In many respects it was a deeply tragic story: about a troubled teenage boy who became a prostitute in the Kings Cross area of Sydney and disappeared before he was due to give evidence against a number of alleged paedophiles. His body was found three-and-a-half years later buried in a shallow grave on the side of a canal.

But the case had a surreal humour that left the court in hysterics at times. The boy had been befriended and taken in by Ian Roberts, a very well-known retired rugby league international (probably the equivalent of Gazza in UK fame terms) who also happens to be Australia’s first openly gay high-profile sportsman. This week Ian Roberts was giving evidence, and he was also cross-examined by a 78-year-old man who allegedly sexually abused the boy and is one of the prime suspects in his murder.

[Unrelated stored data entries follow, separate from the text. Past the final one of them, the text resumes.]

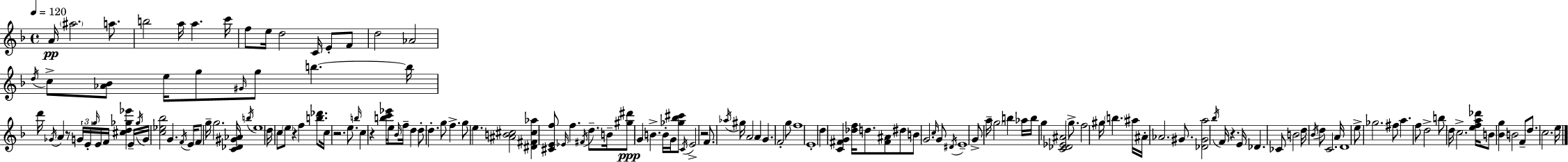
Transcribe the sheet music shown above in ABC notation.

X:1
T:Untitled
M:4/4
L:1/4
K:F
A/4 ^a2 a/2 b2 a/4 a c'/4 f/2 e/4 d2 C/4 E/2 F/2 d2 _A2 d/4 c/2 [_A_B]/2 e/4 g/2 ^G/4 g/2 b b/4 d'/4 _G/4 A z/2 G/4 E/4 g/4 E/4 F/4 [^cd_g_e'] E/4 _g/4 G/4 [c_e_b]2 G F/4 E/4 F/2 g/4 g2 [C_D^G_A]/4 b/4 e4 d/4 c/2 e/2 z f [b_d']/2 c/4 z2 e/2 b/4 c z [bc'_e']/4 e/2 _B/4 f/4 d d/2 d g/2 f g/2 e [^AB^c]2 [^D^F^c_a] [^CEf]/2 _E/4 f ^F/4 d/2 B/4 [^g^d']/2 G B B/4 G/4 [_g_b^c']/2 C/4 E2 z2 F/2 _a/4 ^g/4 A2 A G F2 g/2 f4 E4 d [C^FG] [_df]/4 d/2 [^F^A]/2 ^d/2 B/2 G2 c/4 G/2 ^D/4 E4 G/2 a/4 g2 b _a/4 b/4 g [C_D_E^A]2 g/2 f2 ^g/4 b ^a/4 ^A/4 _A2 ^G/2 [_D^Ga]2 _b/4 F/4 z E/4 _D _C/2 B2 d/4 _B/4 d/2 C2 A/4 D4 e/2 _g2 ^f/2 a f/2 d2 b/2 d/4 c2 [efa_d']/4 B/2 [_Bg] B2 F/2 d/2 c2 e/4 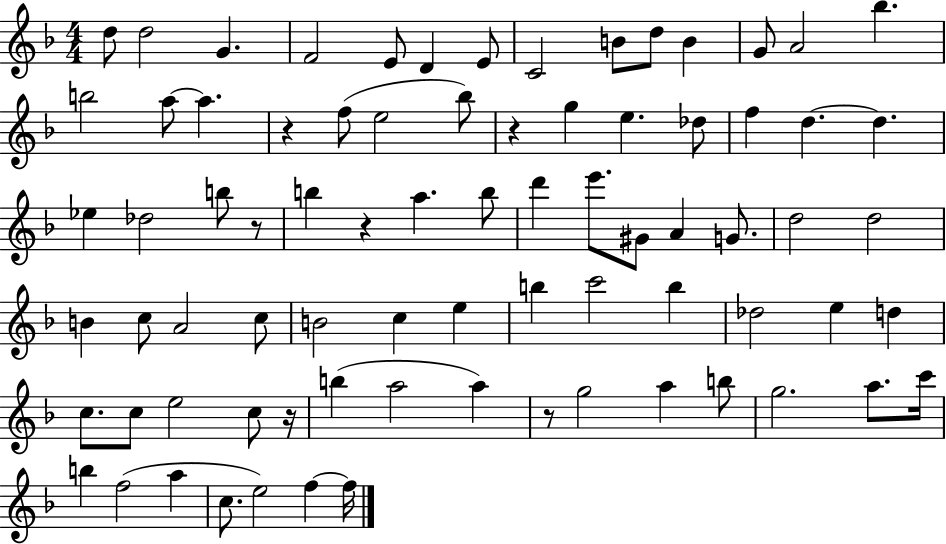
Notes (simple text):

D5/e D5/h G4/q. F4/h E4/e D4/q E4/e C4/h B4/e D5/e B4/q G4/e A4/h Bb5/q. B5/h A5/e A5/q. R/q F5/e E5/h Bb5/e R/q G5/q E5/q. Db5/e F5/q D5/q. D5/q. Eb5/q Db5/h B5/e R/e B5/q R/q A5/q. B5/e D6/q E6/e. G#4/e A4/q G4/e. D5/h D5/h B4/q C5/e A4/h C5/e B4/h C5/q E5/q B5/q C6/h B5/q Db5/h E5/q D5/q C5/e. C5/e E5/h C5/e R/s B5/q A5/h A5/q R/e G5/h A5/q B5/e G5/h. A5/e. C6/s B5/q F5/h A5/q C5/e. E5/h F5/q F5/s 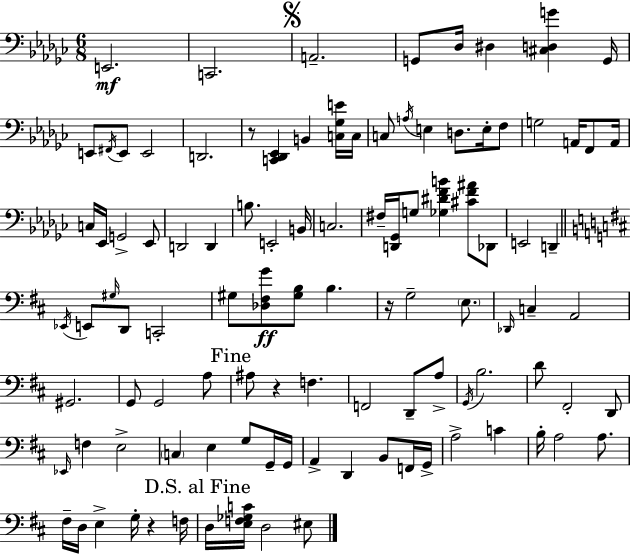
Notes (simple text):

E2/h. C2/h. A2/h. G2/e Db3/s D#3/q [C#3,D3,G4]/q G2/s E2/e F#2/s E2/e E2/h D2/h. R/e [C2,Db2,Eb2]/q B2/q [C3,Gb3,E4]/s C3/s C3/e A3/s E3/q D3/e. E3/s F3/e G3/h A2/s F2/e A2/s C3/s Eb2/s G2/h Eb2/e D2/h D2/q B3/e. E2/h B2/s C3/h. F#3/s [D2,Gb2]/s G3/e [Gb3,D#4,F4,B4]/q [C#4,F4,A#4]/e Db2/e E2/h D2/q Eb2/s E2/e G#3/s D2/e C2/h G#3/e [Db3,F#3,G4]/e [G#3,B3]/e B3/q. R/s G3/h E3/e. Db2/s C3/q A2/h G#2/h. G2/e G2/h A3/e A#3/e R/q F3/q. F2/h D2/e A3/e G2/s B3/h. D4/e F#2/h D2/e Eb2/s F3/q E3/h C3/q E3/q G3/e G2/s G2/s A2/q D2/q B2/e F2/s G2/s A3/h C4/q B3/s A3/h A3/e. F#3/s D3/s E3/q G3/s R/q F3/s D3/s [E3,F3,Gb3,C4]/s D3/h EIS3/e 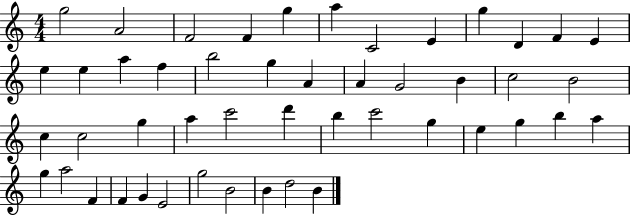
{
  \clef treble
  \numericTimeSignature
  \time 4/4
  \key c \major
  g''2 a'2 | f'2 f'4 g''4 | a''4 c'2 e'4 | g''4 d'4 f'4 e'4 | \break e''4 e''4 a''4 f''4 | b''2 g''4 a'4 | a'4 g'2 b'4 | c''2 b'2 | \break c''4 c''2 g''4 | a''4 c'''2 d'''4 | b''4 c'''2 g''4 | e''4 g''4 b''4 a''4 | \break g''4 a''2 f'4 | f'4 g'4 e'2 | g''2 b'2 | b'4 d''2 b'4 | \break \bar "|."
} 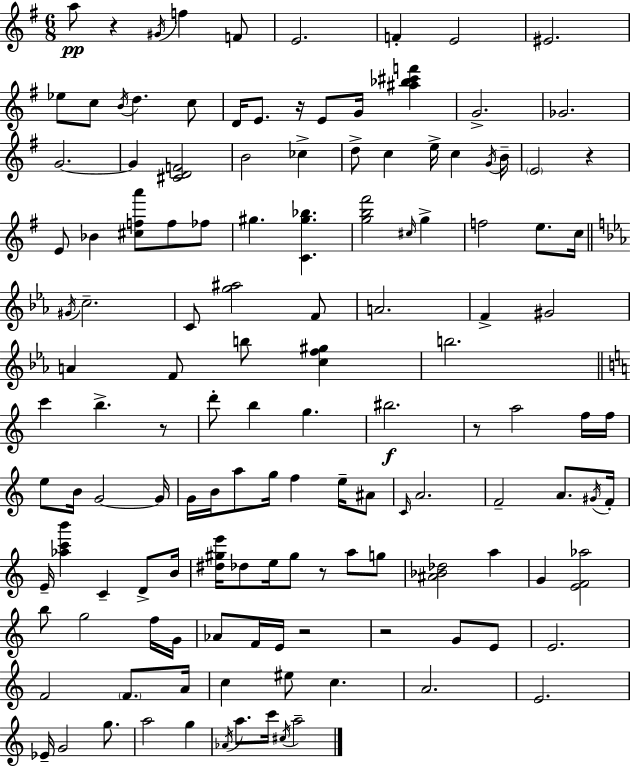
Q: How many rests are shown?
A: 8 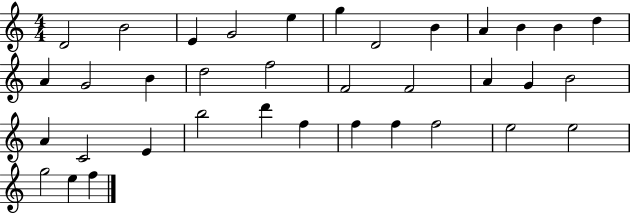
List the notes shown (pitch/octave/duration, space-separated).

D4/h B4/h E4/q G4/h E5/q G5/q D4/h B4/q A4/q B4/q B4/q D5/q A4/q G4/h B4/q D5/h F5/h F4/h F4/h A4/q G4/q B4/h A4/q C4/h E4/q B5/h D6/q F5/q F5/q F5/q F5/h E5/h E5/h G5/h E5/q F5/q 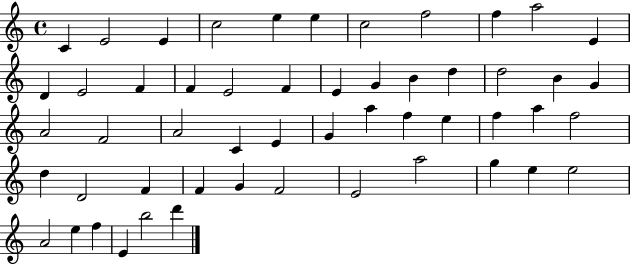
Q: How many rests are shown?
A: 0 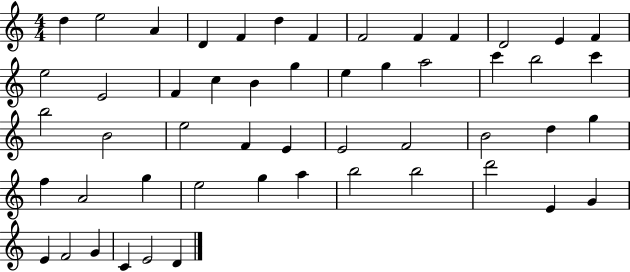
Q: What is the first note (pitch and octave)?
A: D5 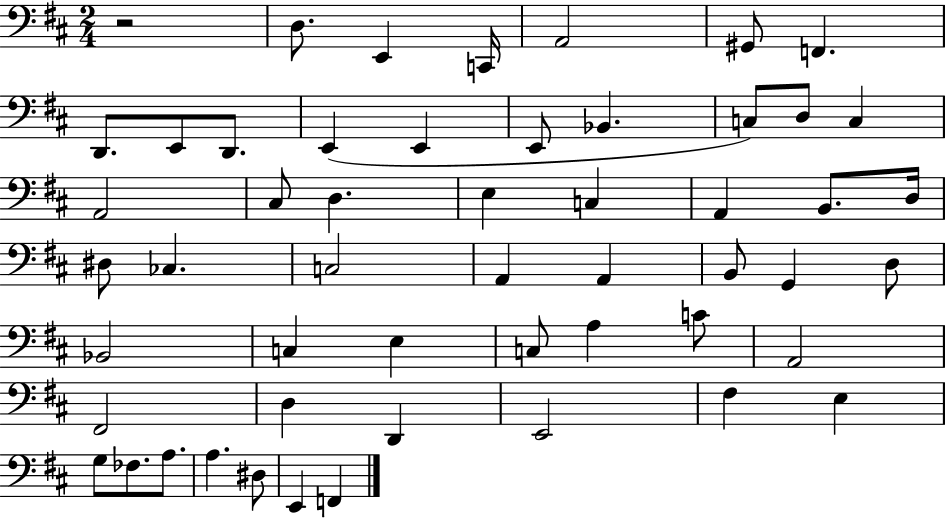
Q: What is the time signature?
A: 2/4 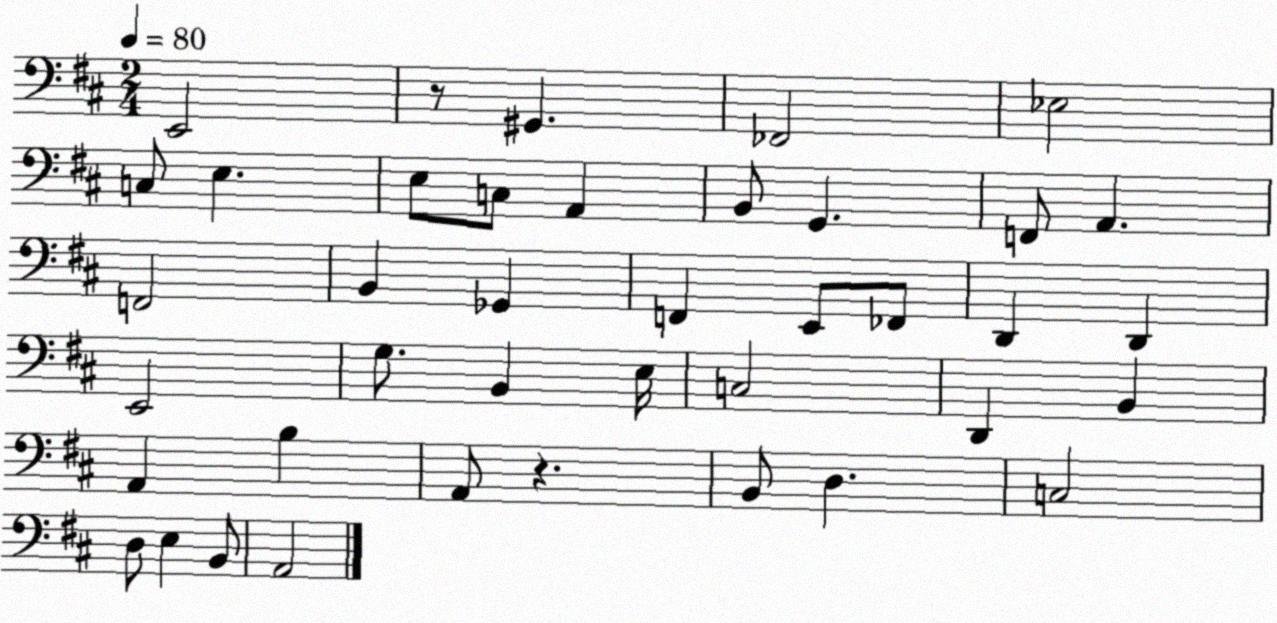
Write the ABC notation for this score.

X:1
T:Untitled
M:2/4
L:1/4
K:D
E,,2 z/2 ^G,, _F,,2 _E,2 C,/2 E, E,/2 C,/2 A,, B,,/2 G,, F,,/2 A,, F,,2 B,, _G,, F,, E,,/2 _F,,/2 D,, D,, E,,2 G,/2 B,, E,/4 C,2 D,, B,, A,, B, A,,/2 z B,,/2 D, C,2 D,/2 E, B,,/2 A,,2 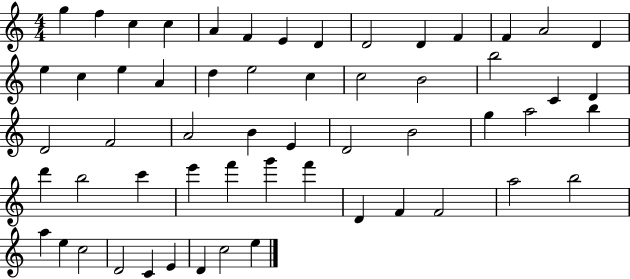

There is a twist: Ian Roberts revealed in court that he had himself (allegedly) been sexually abused by this 78-year-old man when he was a teenager. (Under Australian law this can be reported.) He had to sit in the witness box and answer virulently homophobic and offensive questions posed directly by his alleged abuser, stood just a few metres away from him.

Another twist: the old man made sensational allegations in open court that an internationally-known Australian figure was part of a paedophile ring. (His name can’t be reported, and there’s no evidence that it’s true anyway.)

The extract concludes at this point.